While Qian looks forward to working with the fencing team at Stanford, she hopes to continue training with her club coach. Qian plans to “compete nationally and internationally” as she remains a member of the national team.
“If I’m hoping to do well outside of the collegiate fencing bubble, I think staying with my club coach will be a really great help for me,” Qian said.
At Stanford, Qian is most excited for “all the dynamics of collegiate fencing” and working alongside other fencers as a team.
Jake Maikkula — Football
Jake Maikkula, an incoming freshman, will join Stanford football this fall as an offensive tackle. Born in Austin, Texas, and raised in Sedalia, Colorado, Maikkula began playing non-tackle football at an early age after being inspired by his father, who played college football. Though Maikkula said in an interview with The Daily that his family had always been a “baseball family,” he eventually transitioned into playing tackle football as a middle schooler.
When Maikkula was a sophomore at Valor Christian High School in Colorado, he realized he had a chance at playing football at college after receiving words of encouragement from his coach who told him that he “had a really high ceiling and could potentially succeed if [he] kept working.”
During his senior year of high school, Maikkula, a three-star offensive tackle, led his team to the State Championships after securing a victory in a single playoff game, against a team that he had lost to two years prior.
After leading Valor Christian to a pair of 5A state runners-up finishes and ranking third in Colorado, Maikkula committed to Stanford on July 31, 2021.
“I think [Stanford] is an amazing place,” Maikkula said. “The combination of academics and athletics is amazing. I also really like the coaches, the people, and the players that I talk to within the football organization. It’s just the type of people I want to be around and spend my time with.”
Anton Ouyang — Golf
Anton Ouyang will join Stanford this fall after being recruited to the golf team.
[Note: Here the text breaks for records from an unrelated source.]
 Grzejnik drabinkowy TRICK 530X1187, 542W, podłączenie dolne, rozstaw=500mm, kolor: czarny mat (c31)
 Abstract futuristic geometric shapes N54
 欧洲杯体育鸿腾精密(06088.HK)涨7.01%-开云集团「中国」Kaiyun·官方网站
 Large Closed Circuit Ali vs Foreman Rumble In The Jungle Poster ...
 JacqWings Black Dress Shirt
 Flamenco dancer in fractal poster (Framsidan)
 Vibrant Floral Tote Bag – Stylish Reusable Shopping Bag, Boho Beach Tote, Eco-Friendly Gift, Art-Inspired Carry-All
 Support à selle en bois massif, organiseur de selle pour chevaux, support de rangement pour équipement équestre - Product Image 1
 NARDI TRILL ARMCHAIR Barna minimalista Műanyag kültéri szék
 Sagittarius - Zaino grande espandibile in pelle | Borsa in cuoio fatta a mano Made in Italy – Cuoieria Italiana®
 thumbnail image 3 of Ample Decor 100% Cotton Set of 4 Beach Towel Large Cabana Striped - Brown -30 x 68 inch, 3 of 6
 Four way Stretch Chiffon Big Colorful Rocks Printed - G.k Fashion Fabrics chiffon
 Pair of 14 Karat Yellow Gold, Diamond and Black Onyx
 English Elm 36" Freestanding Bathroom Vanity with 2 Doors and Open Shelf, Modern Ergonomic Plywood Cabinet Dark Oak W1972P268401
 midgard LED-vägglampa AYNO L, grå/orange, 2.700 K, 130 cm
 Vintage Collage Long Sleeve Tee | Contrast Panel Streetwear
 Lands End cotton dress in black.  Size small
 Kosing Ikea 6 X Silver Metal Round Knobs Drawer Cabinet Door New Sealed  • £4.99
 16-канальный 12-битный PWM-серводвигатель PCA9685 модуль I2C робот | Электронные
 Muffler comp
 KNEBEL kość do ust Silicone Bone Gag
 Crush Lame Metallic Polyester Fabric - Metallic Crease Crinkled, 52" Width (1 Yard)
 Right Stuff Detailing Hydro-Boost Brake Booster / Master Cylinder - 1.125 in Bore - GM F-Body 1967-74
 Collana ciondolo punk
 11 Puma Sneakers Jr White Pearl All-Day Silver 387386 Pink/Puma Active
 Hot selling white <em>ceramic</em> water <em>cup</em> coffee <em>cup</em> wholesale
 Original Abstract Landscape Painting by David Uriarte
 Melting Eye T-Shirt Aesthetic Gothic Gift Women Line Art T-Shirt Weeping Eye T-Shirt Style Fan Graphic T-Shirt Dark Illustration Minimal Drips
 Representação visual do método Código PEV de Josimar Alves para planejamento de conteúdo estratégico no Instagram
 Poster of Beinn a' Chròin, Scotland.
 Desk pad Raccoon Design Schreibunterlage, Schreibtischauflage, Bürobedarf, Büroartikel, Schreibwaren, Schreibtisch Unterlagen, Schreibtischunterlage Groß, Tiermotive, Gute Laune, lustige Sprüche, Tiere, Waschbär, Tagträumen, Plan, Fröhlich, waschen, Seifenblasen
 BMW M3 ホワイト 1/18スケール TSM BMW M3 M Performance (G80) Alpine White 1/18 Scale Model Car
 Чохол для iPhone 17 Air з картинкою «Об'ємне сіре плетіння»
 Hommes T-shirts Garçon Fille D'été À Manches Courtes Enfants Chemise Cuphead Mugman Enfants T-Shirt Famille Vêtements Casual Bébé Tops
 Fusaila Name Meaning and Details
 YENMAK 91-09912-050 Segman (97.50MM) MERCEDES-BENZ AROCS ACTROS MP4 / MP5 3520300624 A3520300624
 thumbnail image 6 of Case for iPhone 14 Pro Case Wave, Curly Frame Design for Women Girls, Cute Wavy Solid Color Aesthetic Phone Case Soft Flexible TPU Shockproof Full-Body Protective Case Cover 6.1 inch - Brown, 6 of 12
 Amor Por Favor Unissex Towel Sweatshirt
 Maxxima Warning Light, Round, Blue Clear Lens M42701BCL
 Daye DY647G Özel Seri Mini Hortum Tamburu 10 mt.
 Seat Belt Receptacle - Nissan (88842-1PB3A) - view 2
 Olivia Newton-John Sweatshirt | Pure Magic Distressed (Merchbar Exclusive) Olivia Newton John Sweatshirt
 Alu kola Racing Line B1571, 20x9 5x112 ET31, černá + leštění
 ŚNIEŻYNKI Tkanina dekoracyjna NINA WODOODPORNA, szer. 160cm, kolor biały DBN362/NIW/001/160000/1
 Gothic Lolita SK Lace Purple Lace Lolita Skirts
Ouyang’s career in golf began at the age of one when his father, an avid golfer himself, introduced him to the sport. Ouyang told The Daily he began enjoying golf as he became more experienced, remembering memories of his father taking him to the golf range at night.
“I sort of fell in love with golf myself because it was a good time to spend time with my family,” Ouyang said. “Every shot is different, so that was the thing that I felt was challenging and interesting to me.”
At five years old, Ouyang competed in his first golf tournament at the Santa Teresa Golf Club, a junior golf club in San Jose. There, Ouyang made his first golf friends and began to enjoy competing against other golfers. At twelve years old, Ouyang competed in the IMG Junior World Golf Championships in San Diego, winning the tournament and gaining hopes for a future in golf.
“The tournament gave me a confidence booster and really pushed me to try to pursue the sport in college and possibly professionally,” Ouyang said.
At fourteen years old, Ouyang made it to the American Junior Golf Association Junior All-Star Team, making him one of the top 10 junior players nationwide. As a senior in high school, Ouyang continued to play at higher levels, eventually ranking 8th in the U.S.
At Stanford, Ouyang looks forward to “being on the same team with some of the top golfers while also being able to practice with them, learn from them, and chase the dreams of possibly winning an NCAA championship.”
All four athletes expressed their excitement to train and compete with equally talented teammates at Stanford this semester. They reflected on how persistence and hard work were key to their success and will remain key to them as they play at the collegiate level.